Nonvolatile memory express (NVMe) has gained incredible adoption as a low-latency interface for connecting host systems with SSDs. NVMe storage attached directly to host systems via peripheral component interconnect express (PCIe) is commonly available in high-end storage servers, laptops, and mobile devices.
A complementary specification, NVMe over fabrics (NVMeoF) defines the attachment of that same NVM storage media over a fabric with microsecond-level latency. The NVMe-oF specification was designed to be agnostic of the underlying transport, and an additional transport specific binding specification is provided to define exactly how a transport can carry NVMe traffic.

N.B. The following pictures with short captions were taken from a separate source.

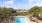 a pool surrounded by trees and buildings
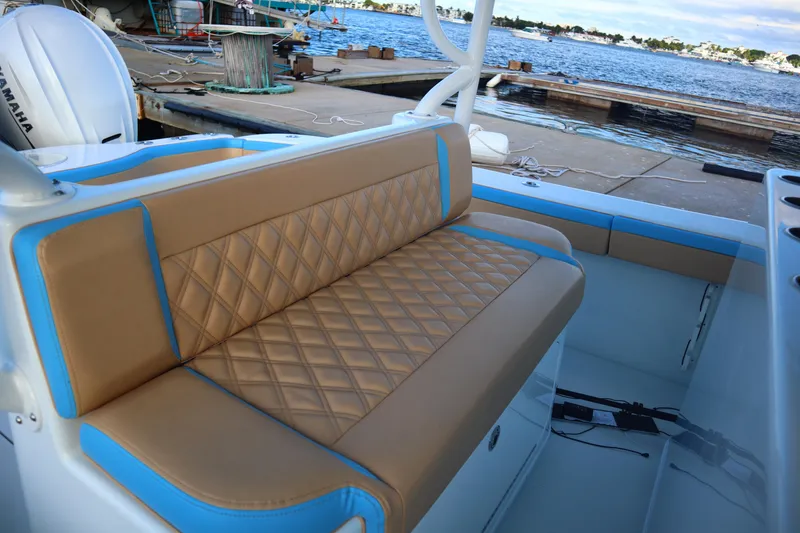 Slide: The Image of 2022 Yellowfin 42 Offshore boat with tan and blue seating by the dock. - 51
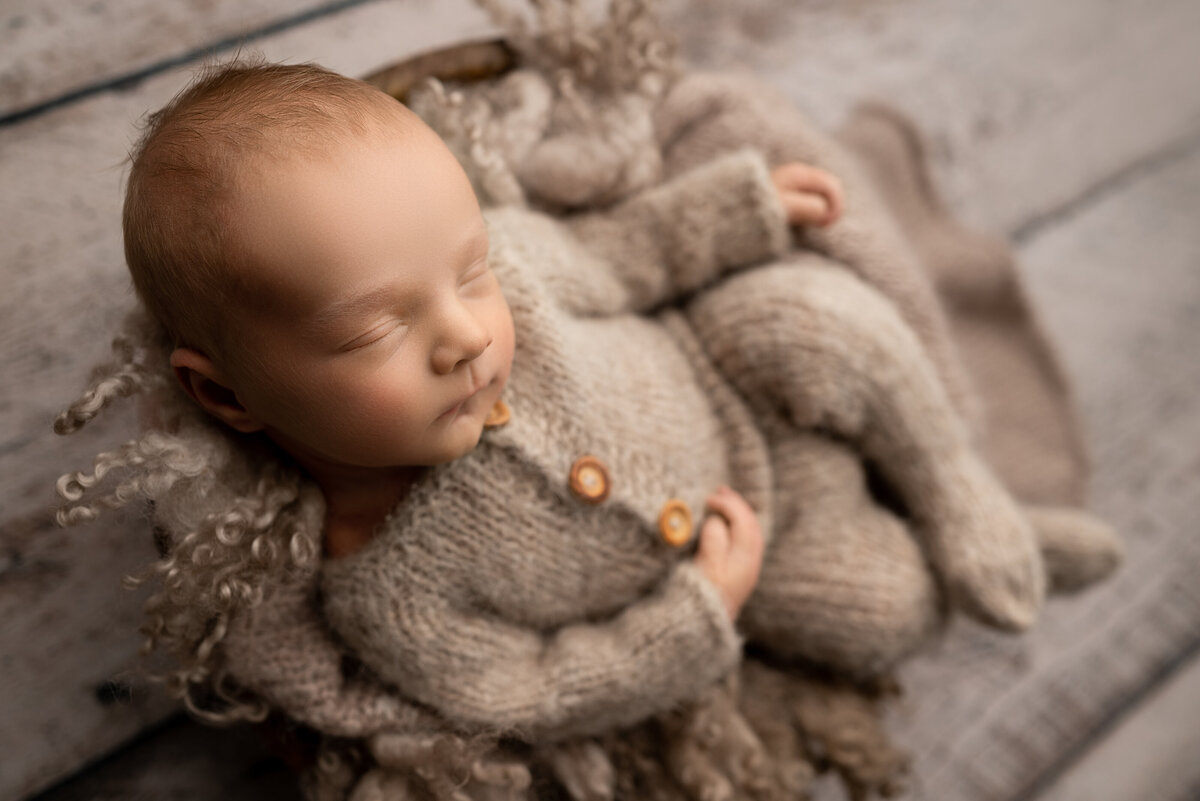 Katie Marshall, New Jersey's best newborn photographer captures a fine art newborn photo. Baby is in a knit taupe one-piece outfit  sleeping in a bowl. Baby's legs are folded and his hands resting on his belly.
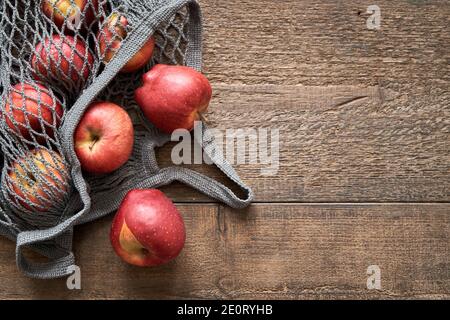 Mele rosse in una borsa a corda su un tavolo di legno, vista dall'alto con spazio per la copia Foto Stock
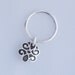 Sterling silver charm ring with floral shaped charm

Just as PCIe-connected NVMe SSDs have many use cases and flavors (form factor, number of ports, flash type), NVMe over fabrics enables a variety of implementation types.
Several common datacenter fabric transports have emerged as favorite transports including Fibre Channel (FC), RDMA over Converged Ethernet (RoCE), and most recently TCP. Each of these has a binding specification defined. RDMA and TCP binding specifications are included in the NVMe-oF specification. FC-NVMe is available from INCITS standards body.
While there are also proprietary solutions for sending NVMe over a fabric, in this article we’ll examine those three transports and their characteristics.
Fibre Channel has been a well-known lossless transport designed for storage use cases implemented for decades. As such, it has found a home in critical storage infrastructure. While the end of FC has been predicted for many years, it’s clear that as a technology, FC does what it does quite well, as there are many repeat buyers.
Adopting FC-NVMe was a critical step for the FC community, as it enabled an easy migration path from spinning disks connected using Fibre Channel Protocol (FCP), to the low-overhead,
low-latency access to NVMe storage via FC-NVMe. In fact, one of the key benefits of FC-NVMe is that it can be run over the same infrastructure as traditional FCP. This means users aren’t forced to do a massive rip-and-replace upgrade to their infrastructure to use FC-NVMe. Rather, existing investments in FC infrastructure can be maintained, and storage media can be incrementally upgraded to NVMe as needed.
FC-NVMe allows endpoints to negotiate the number of queues that will be enabled between initiators and targets. This is important, as it takes advantage of one of NVMe’s most important characteristics, the ability to support a massive number of I/O queues. Parallel queues enable efficient use of compute and storage resources. For example, with FC-NVMe, different queues can be created for administration commands and data I/O. Further, a core compute node could be configured with an independent queue for each core to access the storage media. This means that threads operating on a given core will not have storage access blocked by storage access from another core.
This isn’t a freebie. The SAN engineer needs to understand the workload needs and how to manage those queues, as well as what the FC infrastructure can support. Either way, this parallelism can be leveraged to enable efficiency and performance.
A number of NVMe-oF products have been announced using RoCE, and have gained a following with those shops more comfortable with an ethernet-based fabric. Like FC, the queuing methodology for RoCE maps very well to NVMe, enabling minimal protocol translation as data makes it way from the network to the SSD. However, while ethernet is well known, implementation of a lossless fabric using ethernet requires turning on Data Center Bridging (DCB) protocols to handle congestion and flow control. This adds another interoperability vector, and complexity in order to tune the protocols properly to get the most out of the network with a given workload. So, for applications where latency is the primary consideration, RoCE makes sense. Of course, every hop in a network adds latency, therefore some vendors are targeting RoCE as an NVMe-oF solution for single rack applications, and looking at TCP as a solution for aisle scale or datacenter scale applications.
The most recent addition, ratified in December 2018, of the NVMe-oF transport family is TCP, or NVMe/TCP. TCP has a few key advantages. First, TCP is a well-known protocol. Network engineers understand its behavior very well, and know how to use it. From that perspective, the ‘learning curve’ of enabling NVMe/TCP in the datacenter is shorter and smoother.